═════ Exercise data

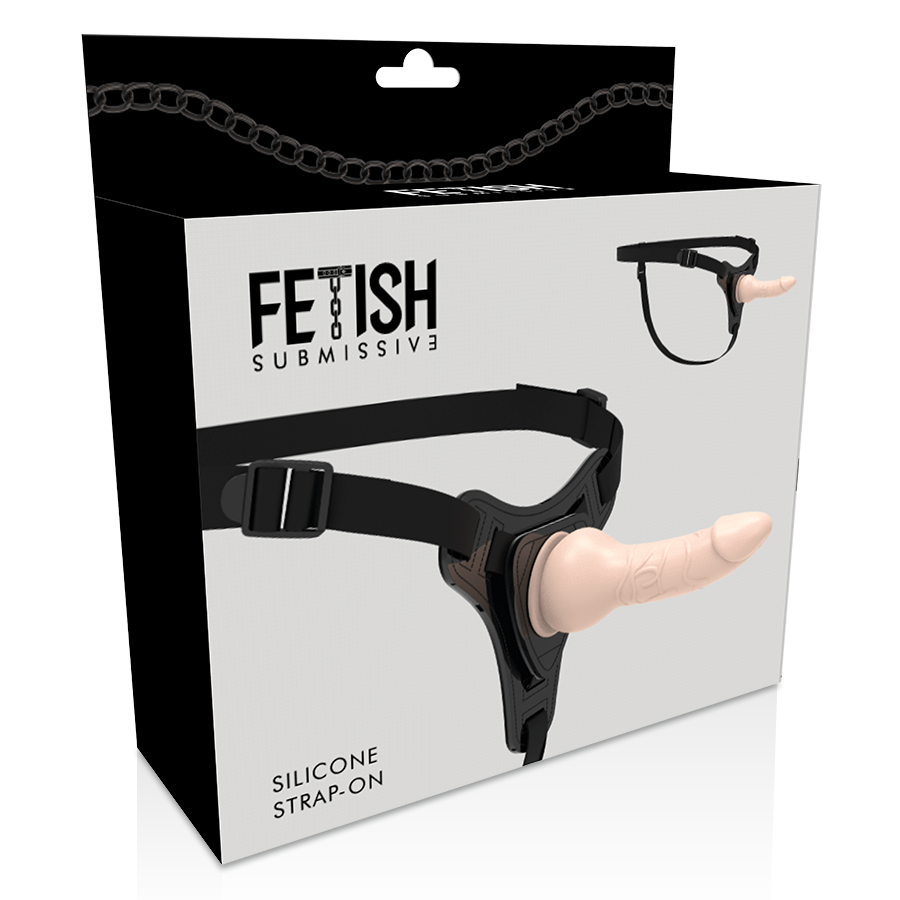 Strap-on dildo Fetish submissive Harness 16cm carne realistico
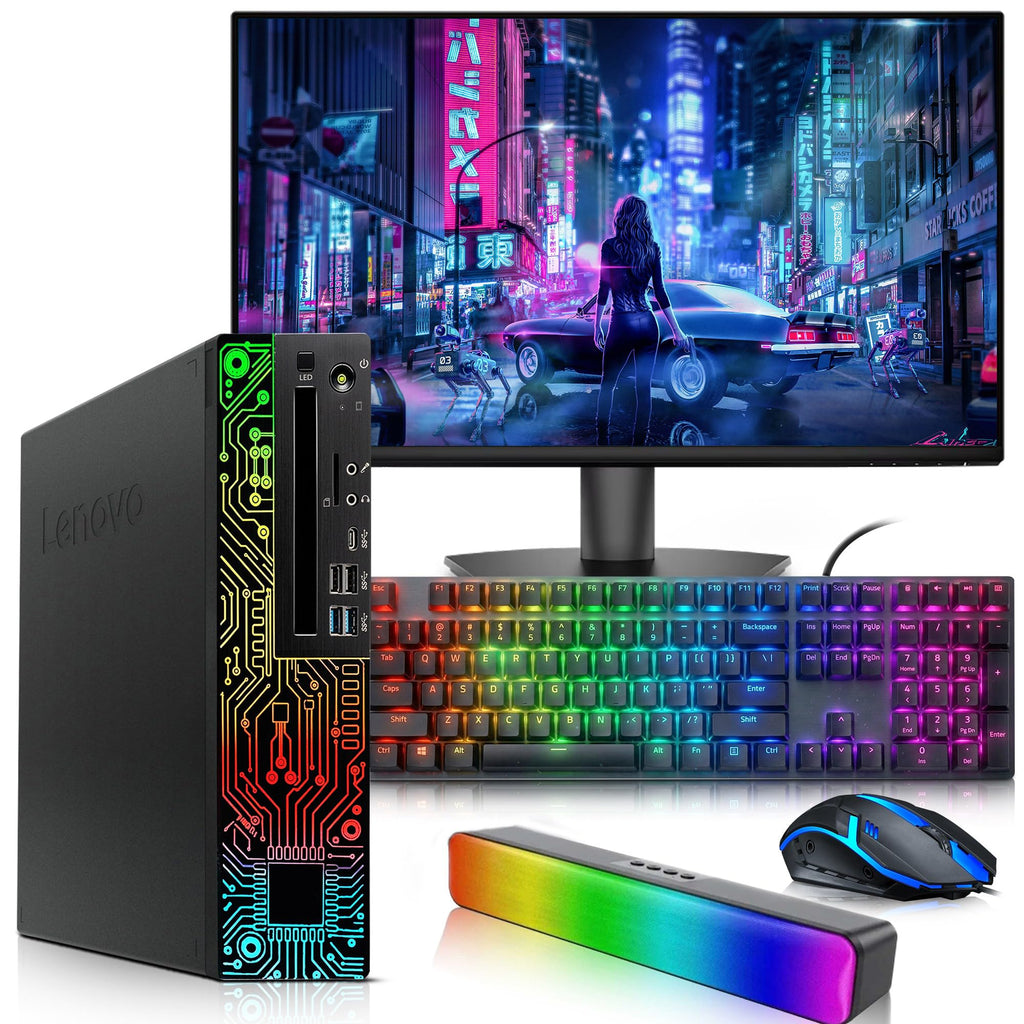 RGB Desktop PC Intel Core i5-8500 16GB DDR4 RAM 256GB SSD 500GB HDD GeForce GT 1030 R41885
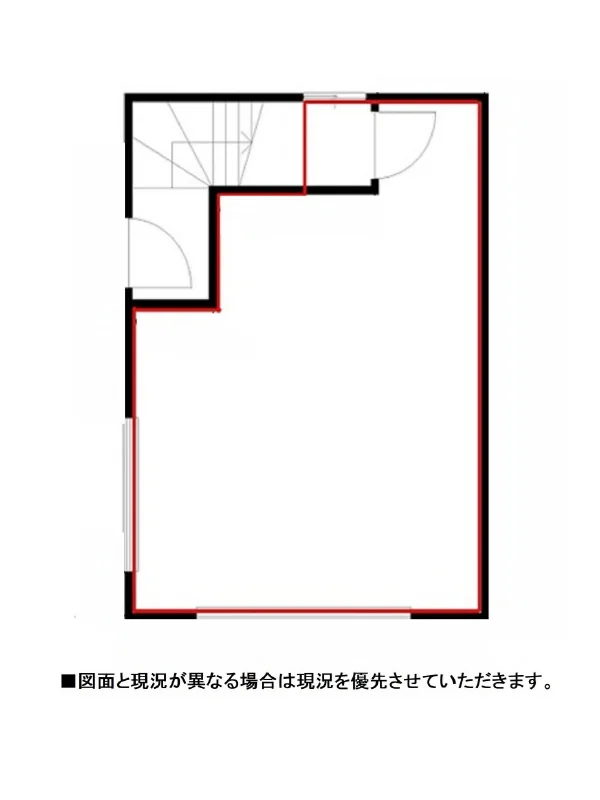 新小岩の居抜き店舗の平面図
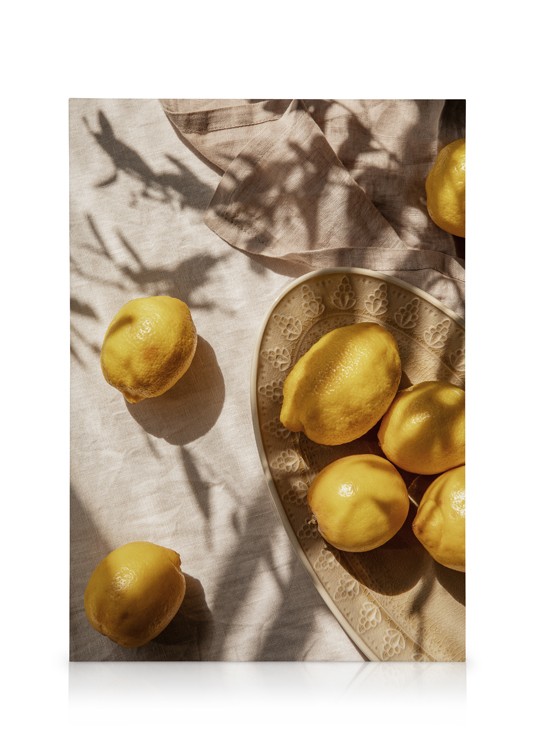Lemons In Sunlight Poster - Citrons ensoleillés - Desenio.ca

══════════

● **About this exercise**
Pass over the images and copy the rest of the material above exactly.

● **Answer to this problem**
 Strap-on dildo Fetish submissive Harness 16cm carne realistico
 RGB Desktop PC Intel Core i5-8500 16GB DDR4 RAM 256GB SSD 500GB HDD GeForce GT 1030 R41885
 新小岩の居抜き店舗の平面図
Lemons In Sunlight Poster - Citrons ensoleillés - Desenio.ca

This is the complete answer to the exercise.